SQL is declarative and PigLatin is procedural to a large extent. What we mean by this is in SQL, we largely specify “what” is to be accomplished and in Pig, we mention “how” a task is to be performed. A script written in Pig is essentially converted to a MapReduce job in the background before it is executed. A Pig script is shorter than the corresponding MapReduce job, which significantly cuts down development time.
Hive vs SQL
SQL is a general purpose database language that has extensively been used for both transactional and analytical queries. Hive, on the other hand, is built with an analytical focus. What this means is Hive lacks update and delete functions but is superfast in reading and processing huge volumes of data faster than SQL. Hence, even though Hive SQL is SQL-like, lack of support for modifying or deleting data is a major difference.
Despite the working differences, once you enter the Hive world from SQL, similarity in language ensures smooth transition but it is important to note the differences in constructs and syntax, else you’re in for frustrating times.
Now that we have an introduction to all the three data mining languages and their head to head comparisons, we close this article by analyzing different situations and listing the best fit option for each.
When is it best to use Apache Pig?
When you are looking to process clusters of unorganized, unstructured, decentralized data and don’t want to deviate too much from your solid SQL foundation, Pig is the option to go with. You no longer need to get into writing core MapReduce jobs. If you already have SQL background, the learning curve will be smooth and development time will be faster.
When is it best to use Apache Hive?
Big Data enterprises require fast analysis of data collected over a period of time. Hive is an excellent tool for analytical querying of historical data. It is to be noted that the data needs to be well organized, which would allow Hive to fully unleash its processing and analytical prowess. Querying real time data with Hive might not be the best idea, as it would be a time consuming job, defeating the original goal of fast processing (HBase is the answer for real time analytics, successfully utilized by Facebook).

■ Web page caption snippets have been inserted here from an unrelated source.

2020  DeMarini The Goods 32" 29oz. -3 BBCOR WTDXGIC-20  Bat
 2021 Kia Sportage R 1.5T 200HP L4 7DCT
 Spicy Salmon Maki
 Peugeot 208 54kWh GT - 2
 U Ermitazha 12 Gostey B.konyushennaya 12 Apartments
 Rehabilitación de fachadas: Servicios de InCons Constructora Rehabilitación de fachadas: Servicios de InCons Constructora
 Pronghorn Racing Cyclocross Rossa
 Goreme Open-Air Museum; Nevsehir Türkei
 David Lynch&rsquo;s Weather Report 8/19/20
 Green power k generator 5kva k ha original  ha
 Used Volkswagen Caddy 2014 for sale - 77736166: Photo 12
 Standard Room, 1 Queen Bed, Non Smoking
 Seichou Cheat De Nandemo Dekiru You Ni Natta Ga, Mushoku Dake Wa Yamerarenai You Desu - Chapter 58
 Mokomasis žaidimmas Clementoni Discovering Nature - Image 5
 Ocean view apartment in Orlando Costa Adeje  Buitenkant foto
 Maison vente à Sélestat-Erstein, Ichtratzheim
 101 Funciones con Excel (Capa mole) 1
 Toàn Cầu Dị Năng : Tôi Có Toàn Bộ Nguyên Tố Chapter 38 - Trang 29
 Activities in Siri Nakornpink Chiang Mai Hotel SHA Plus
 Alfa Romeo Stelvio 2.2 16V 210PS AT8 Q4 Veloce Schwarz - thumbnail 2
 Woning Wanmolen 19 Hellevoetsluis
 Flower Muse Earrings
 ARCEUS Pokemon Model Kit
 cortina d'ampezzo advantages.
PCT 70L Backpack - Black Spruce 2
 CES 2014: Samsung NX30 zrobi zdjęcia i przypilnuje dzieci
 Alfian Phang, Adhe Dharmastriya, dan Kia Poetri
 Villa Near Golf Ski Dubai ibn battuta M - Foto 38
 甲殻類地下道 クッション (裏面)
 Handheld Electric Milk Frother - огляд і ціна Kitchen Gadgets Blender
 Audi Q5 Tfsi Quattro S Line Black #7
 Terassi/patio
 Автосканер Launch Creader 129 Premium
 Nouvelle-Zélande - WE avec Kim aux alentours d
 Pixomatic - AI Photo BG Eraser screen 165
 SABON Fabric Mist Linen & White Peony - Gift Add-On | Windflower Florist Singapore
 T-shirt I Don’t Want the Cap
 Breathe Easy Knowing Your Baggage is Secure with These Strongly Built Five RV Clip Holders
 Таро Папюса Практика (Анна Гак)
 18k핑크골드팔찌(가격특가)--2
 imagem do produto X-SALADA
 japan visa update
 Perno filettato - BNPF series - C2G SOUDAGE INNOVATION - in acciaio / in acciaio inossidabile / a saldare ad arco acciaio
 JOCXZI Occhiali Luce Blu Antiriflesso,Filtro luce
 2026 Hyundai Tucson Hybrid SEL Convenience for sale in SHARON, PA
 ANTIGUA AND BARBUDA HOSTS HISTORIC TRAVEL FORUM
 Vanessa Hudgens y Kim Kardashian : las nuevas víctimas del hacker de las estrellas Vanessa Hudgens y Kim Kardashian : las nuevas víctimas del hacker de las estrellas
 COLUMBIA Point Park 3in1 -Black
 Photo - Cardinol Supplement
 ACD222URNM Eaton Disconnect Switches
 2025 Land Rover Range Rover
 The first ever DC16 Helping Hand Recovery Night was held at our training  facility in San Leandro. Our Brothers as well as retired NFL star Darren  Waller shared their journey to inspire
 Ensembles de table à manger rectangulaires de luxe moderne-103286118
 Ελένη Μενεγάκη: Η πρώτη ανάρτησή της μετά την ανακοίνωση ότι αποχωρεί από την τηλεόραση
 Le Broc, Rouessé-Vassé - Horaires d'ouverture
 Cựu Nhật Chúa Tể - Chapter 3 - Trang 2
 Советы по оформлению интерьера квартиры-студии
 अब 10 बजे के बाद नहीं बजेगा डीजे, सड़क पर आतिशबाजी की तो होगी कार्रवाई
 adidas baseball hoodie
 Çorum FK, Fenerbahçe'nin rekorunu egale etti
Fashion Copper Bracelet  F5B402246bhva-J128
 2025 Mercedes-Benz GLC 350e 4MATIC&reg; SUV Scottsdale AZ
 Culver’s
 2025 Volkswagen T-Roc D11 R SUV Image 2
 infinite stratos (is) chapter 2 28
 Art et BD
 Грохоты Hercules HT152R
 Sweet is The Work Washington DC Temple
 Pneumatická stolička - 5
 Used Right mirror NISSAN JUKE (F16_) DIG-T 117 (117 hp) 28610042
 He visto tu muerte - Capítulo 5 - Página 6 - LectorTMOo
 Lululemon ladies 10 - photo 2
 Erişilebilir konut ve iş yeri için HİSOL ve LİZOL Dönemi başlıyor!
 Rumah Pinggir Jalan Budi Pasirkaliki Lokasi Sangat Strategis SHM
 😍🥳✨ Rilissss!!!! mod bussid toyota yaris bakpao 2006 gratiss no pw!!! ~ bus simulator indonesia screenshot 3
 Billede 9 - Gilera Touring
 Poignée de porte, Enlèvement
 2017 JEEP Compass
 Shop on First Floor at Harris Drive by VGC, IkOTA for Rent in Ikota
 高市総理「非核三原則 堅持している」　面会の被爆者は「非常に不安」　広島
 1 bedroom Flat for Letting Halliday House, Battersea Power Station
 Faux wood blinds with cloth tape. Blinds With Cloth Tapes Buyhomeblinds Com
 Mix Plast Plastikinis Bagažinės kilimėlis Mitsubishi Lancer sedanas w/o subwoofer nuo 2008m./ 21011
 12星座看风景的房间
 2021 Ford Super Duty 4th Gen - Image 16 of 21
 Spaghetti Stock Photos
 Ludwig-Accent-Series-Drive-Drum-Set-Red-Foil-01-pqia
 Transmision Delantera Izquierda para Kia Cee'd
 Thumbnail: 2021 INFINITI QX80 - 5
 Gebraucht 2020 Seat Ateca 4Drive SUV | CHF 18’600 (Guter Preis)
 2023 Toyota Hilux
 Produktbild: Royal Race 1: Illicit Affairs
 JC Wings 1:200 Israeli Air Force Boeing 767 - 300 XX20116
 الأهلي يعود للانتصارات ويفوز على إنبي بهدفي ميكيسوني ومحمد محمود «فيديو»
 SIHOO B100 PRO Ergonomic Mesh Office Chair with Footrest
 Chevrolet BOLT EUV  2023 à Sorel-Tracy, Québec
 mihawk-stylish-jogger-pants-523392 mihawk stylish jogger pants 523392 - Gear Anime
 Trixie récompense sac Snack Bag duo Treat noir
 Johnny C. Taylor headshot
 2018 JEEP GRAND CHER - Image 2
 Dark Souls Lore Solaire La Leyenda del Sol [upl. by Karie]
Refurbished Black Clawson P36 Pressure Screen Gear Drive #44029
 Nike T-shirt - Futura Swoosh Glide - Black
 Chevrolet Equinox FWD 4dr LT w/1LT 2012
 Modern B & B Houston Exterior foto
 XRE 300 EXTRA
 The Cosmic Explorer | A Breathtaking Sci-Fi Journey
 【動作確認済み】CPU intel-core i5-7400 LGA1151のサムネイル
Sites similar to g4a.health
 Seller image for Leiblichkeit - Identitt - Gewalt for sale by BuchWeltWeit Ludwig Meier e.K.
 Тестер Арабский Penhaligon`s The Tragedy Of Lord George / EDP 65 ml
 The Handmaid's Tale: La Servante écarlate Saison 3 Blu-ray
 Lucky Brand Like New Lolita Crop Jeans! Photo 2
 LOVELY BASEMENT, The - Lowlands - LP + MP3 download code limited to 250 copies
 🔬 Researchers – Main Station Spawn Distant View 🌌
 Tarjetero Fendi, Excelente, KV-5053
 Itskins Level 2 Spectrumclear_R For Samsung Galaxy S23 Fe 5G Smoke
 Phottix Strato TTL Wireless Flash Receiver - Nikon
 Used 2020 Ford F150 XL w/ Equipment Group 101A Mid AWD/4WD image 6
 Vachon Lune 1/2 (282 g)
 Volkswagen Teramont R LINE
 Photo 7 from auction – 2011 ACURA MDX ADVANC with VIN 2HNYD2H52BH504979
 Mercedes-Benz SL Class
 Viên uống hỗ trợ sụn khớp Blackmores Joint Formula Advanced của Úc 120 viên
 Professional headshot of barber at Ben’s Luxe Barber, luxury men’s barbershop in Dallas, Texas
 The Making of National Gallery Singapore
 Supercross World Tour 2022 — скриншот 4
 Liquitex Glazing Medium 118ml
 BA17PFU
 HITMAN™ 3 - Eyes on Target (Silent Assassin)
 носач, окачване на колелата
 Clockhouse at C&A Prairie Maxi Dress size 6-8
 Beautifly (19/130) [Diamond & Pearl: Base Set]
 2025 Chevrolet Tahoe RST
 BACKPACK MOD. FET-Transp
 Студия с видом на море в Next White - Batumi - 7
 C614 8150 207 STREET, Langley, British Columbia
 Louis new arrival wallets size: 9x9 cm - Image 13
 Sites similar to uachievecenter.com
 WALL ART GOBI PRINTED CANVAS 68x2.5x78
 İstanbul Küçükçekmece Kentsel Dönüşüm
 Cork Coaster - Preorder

When is it best to use SQL?
SQL is the oldest data analysis option among the three and its ability to update itself in line with growing user expectations make it relevant even today. While it is definitely a better option than excel (or any other open source spreadsheet application) for serious data analysts, it comes short when business demands fast paced processing and analysis. However, when the requirements are not too demanding, SQL is an excellent tool. Its familiarity and flexibility find favor with developers. Given that a large portion of developer community around the globe is familiar with SQL, its usage makes them productive from day one. It provides developers the facility to extend and optimize it, which make it highly customizable.
Now that it is evident that not all kinds of data require the same kind of querying tool, it will be easier to pick which one to use depending on the use cases.